In 1870, he was acclaimed to the Legislative Assembly of Prince Edward Island for 4th Kings. He was re-elected in 1876 but was defeated in 1879. He was re-elected in 1882. He was a Minister Without Portfolio in the cabinet of Robert Poore Haythorne and Louis Henry Davies.

He was elected to the House of Commons of Canada for King's County in the 1882 election.

Unseating
In 1883, he was declared not duly elected on the grounds that he was a member of the Prince Edward Island Legislative Assembly at the time of the election, in defiance of the law banning dual mandates. Shortly after winning his federal seat, he had submitted his resignation notice from the provincial legislature to two fellow MLAs, Malcolm McFadyen and Peter McLaren, in accordance with the process for resigning from the legislature, and the legislature had already held a by-election to replace him. However, a procedural error by McFadyen and McLaren had left the resignation not properly registered, thus leaving his provincial office technically double-seated and his eligibility for federal office in doubt. While several Canadian provinces did at the time allow people to simultaneously hold seats in both the provincial and federal legislatures, Prince Edward Island had enacted a law explicitly disallowing this.
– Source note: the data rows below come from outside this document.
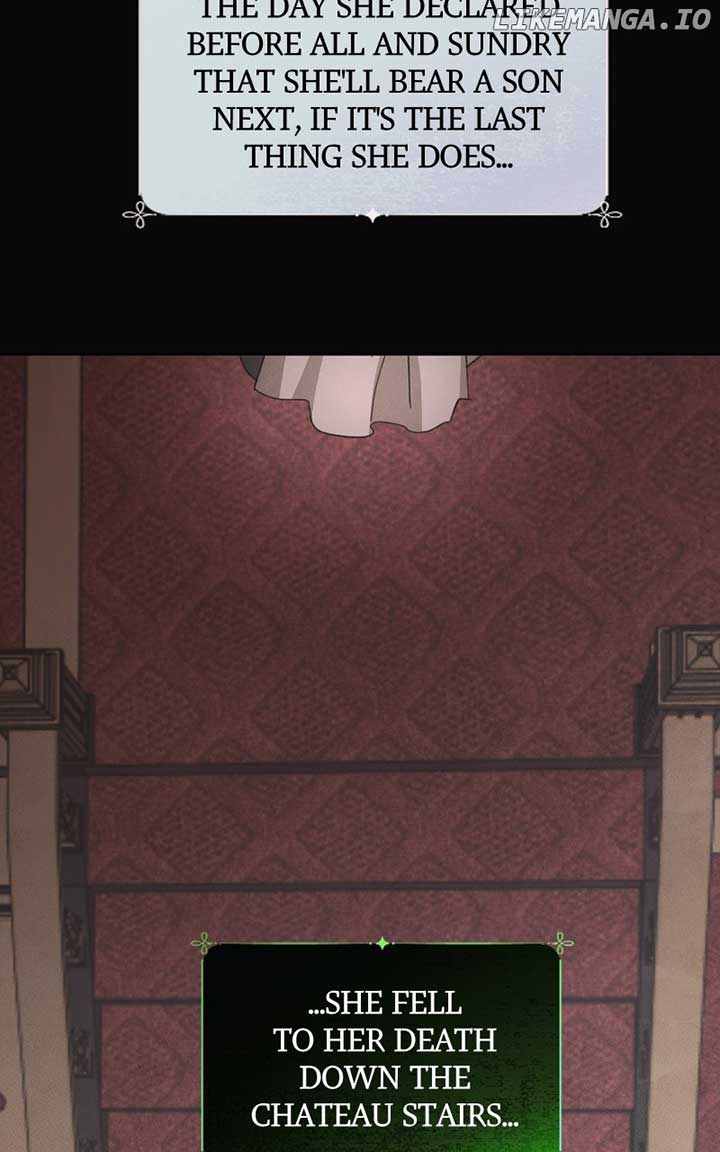 ch 42 7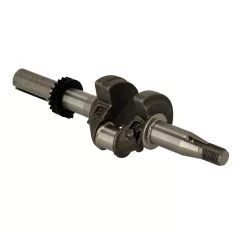 Főtengely Briggs 450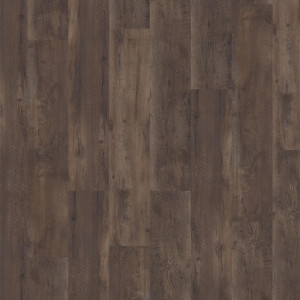 Linoleum Covor PVC Tarkett Pardoseala LVT iD ESSENTIAL 30 - Primary Pine DARK BROWN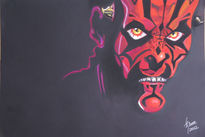 Darth maul lord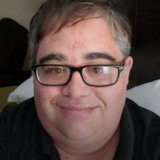 Gary from Ogdensburg | Man | 47 years old | Libra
The federal committee adjudicating the matter was dominated by the governing Conservative Party, whereas Robertson was a Liberal. The committee ruled that his resignation from the provincial legislature was not valid, and voted to unseat Robertson; rather than holding a by-election, the committee directly awarded the seat to Augustine Macdonald, the Conservative candidate whom Robertson had defeated in the federal election.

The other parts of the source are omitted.